Optimizing your marketing channels means you need to collect, analyze, test, and retest all of your metrics. From your open rates, engagement ratios, click-throughs, total attendance, satisfaction surveys, focus groups, readership, sales conversion, and other metrics, the key to optimization is to base your actions on data and truly measure the consequences of each iterative change for each marketing channel. That is how you get evidence-based business improvements. On to step 5.
5. Go. Fight. Win!
Execute. Reassess. Redeploy. By now, you are two or three business cycles in. You have more or less optimized your AllStar marketing channels. You are getting good returns on your investment, your marketing budget has grown, your sales have improved, and life seems good.
It is not time to get cozy.
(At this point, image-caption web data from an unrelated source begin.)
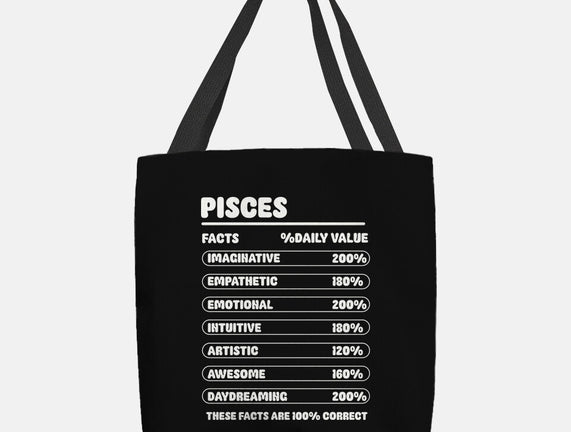 Pisces Facts Chart
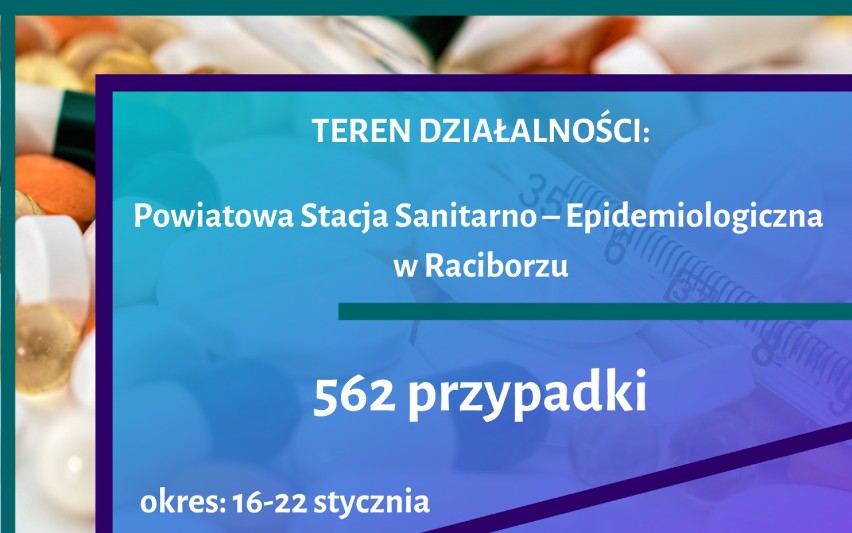 Grypa w woj. śląskim. W którym mieście choruje najwięcej ludzi? Sprawdź LISTĘ.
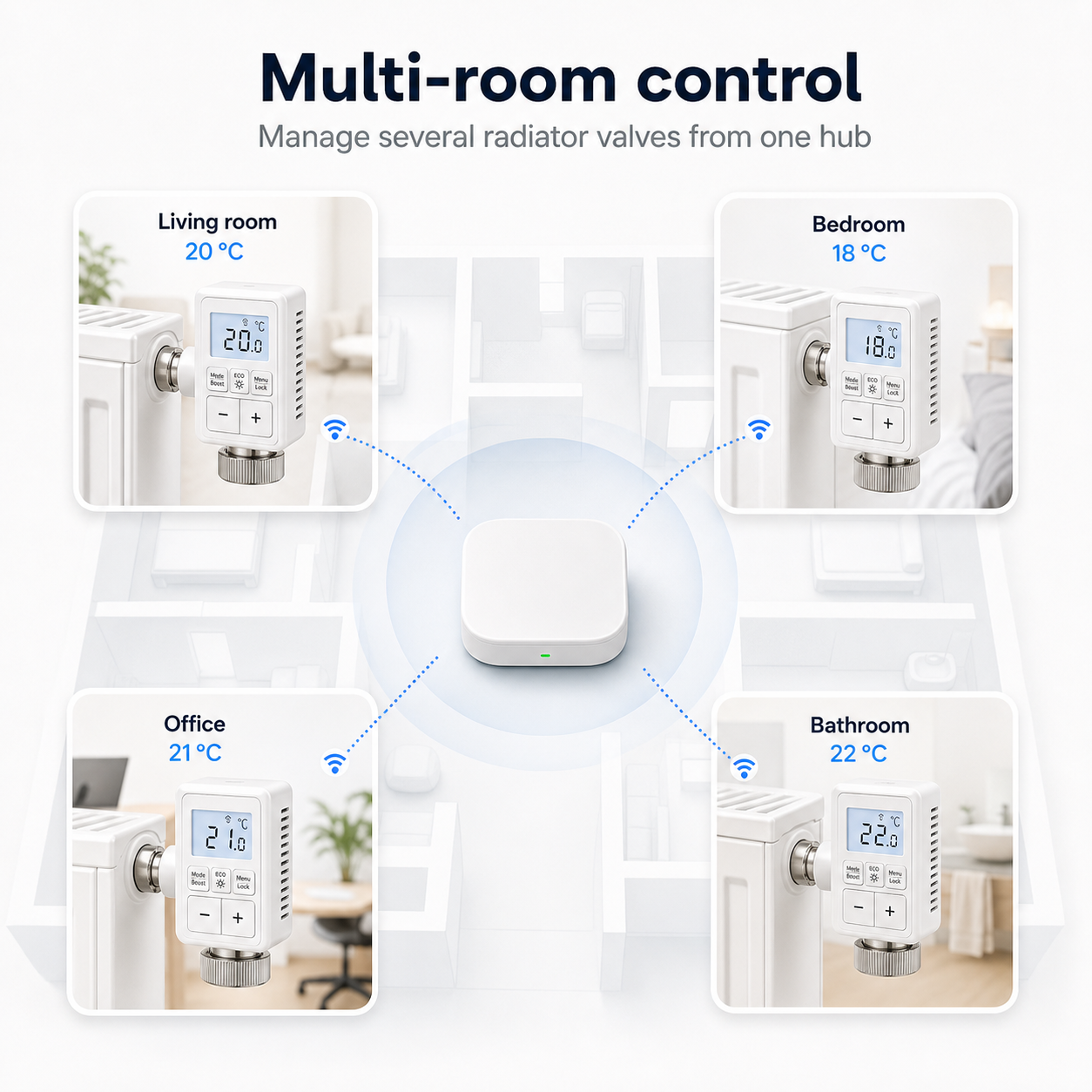 Multi-room hub control graphic for NéoMini Comfort radiator valves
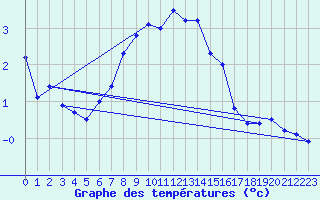 Courbe de tempratures pour Kyritz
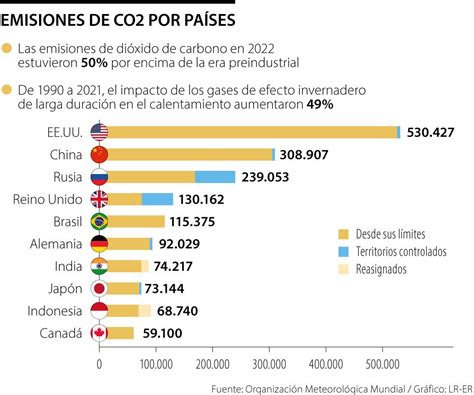 Emisores consumo PenalbaWeb.com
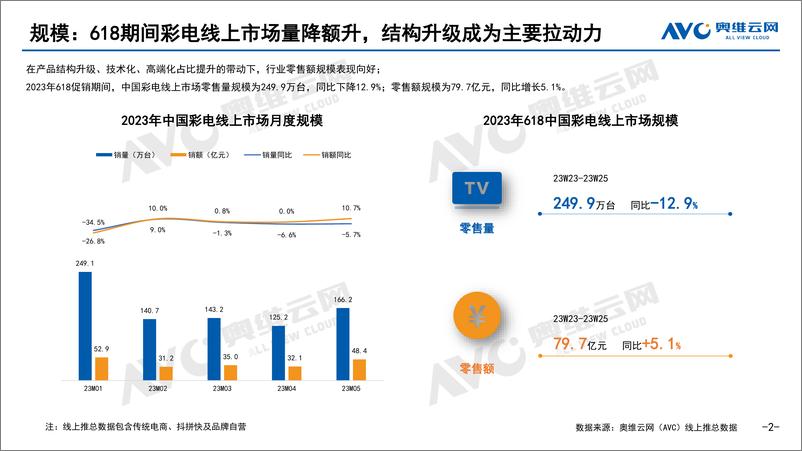 《【奥维报告】2023年618促销线上彩电市场总结-10页》 - 第3页预览图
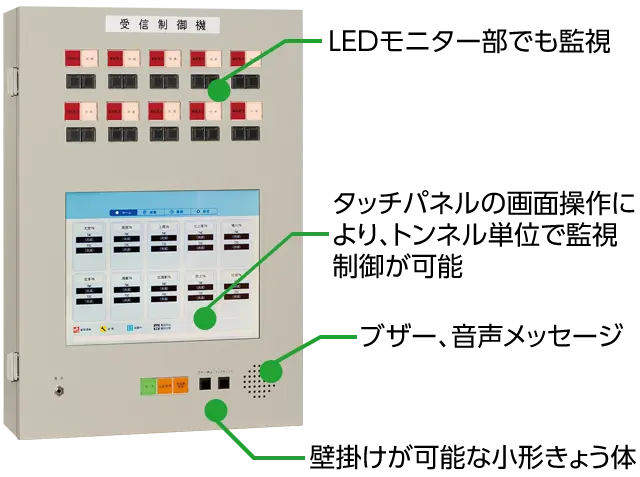 壁掛けが可能な小形きょう体。タッチパネルの画面操作により、トンネル単位で監視制御が可能。LEDモニター部でも監視。ブザー、音声メッセージ機能。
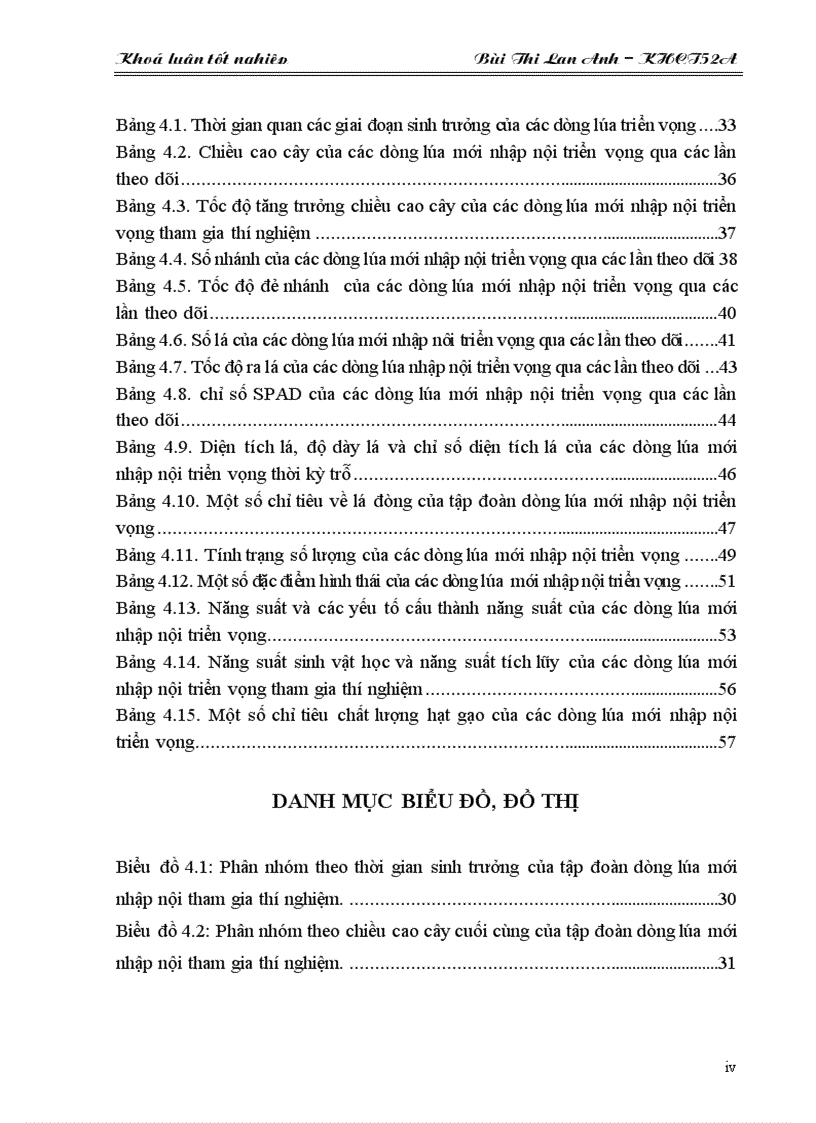 image for page Khảo sát một số dòng lúa nhập nội từ tổ hợp lai IR64 x AZUCENA trong vụ mùa 2010 tại Gia Lâm Hà Nội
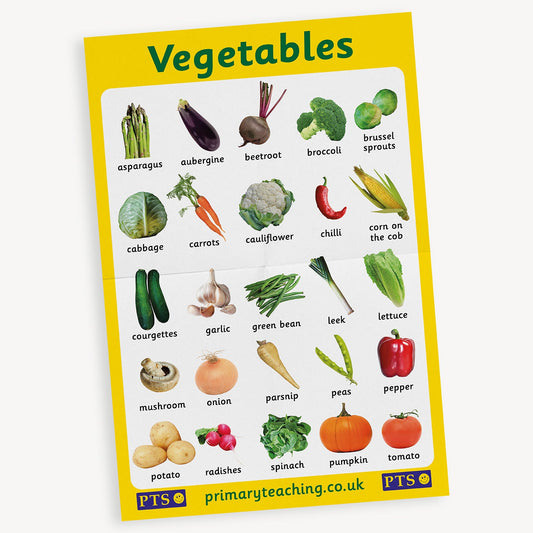 Vegetables Poster - A2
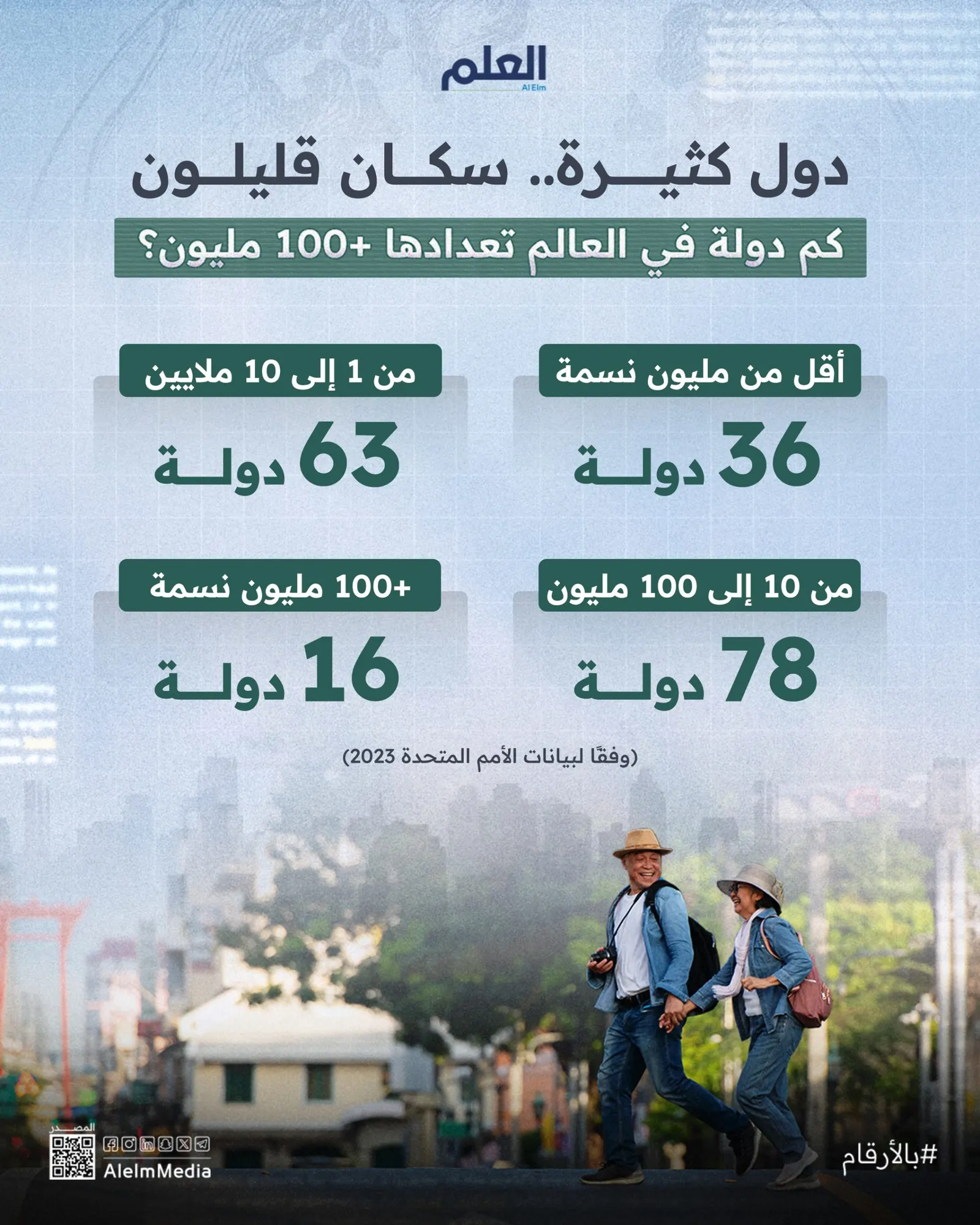 إنفوجرافيك | 16 دولة تستحوذ بـ66% من سكان العالم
It is time to reassess your strategic position and redeploy the troops. This is an excellent time to look back at your starting lineup to see if there were any gems that may not have had their time to shine due to poor timing, bad luck, or otherwise. Consider your backup players who did not make the cut as starting players. Many times, missed opportunities, false negatives, or false positives have left diamonds in the rough—unattended, uncut, and unpolished.
Since you now have the momentum and capital for exploring growth channels, you also have the opportunity to creatively strengthen and optimize channels that were less attractive during Steps 1 through 3. If you avoid this step of looking back and reevaluating your options, you risk developing tunnel vision and may be quickly overtaken by competitors who remain agile and ready to move. By following these five steps, and most importantly, making these five steps a habitual business practice, you set yourself up for success to enjoy sustainable growth and a competitive edge across the marketplace.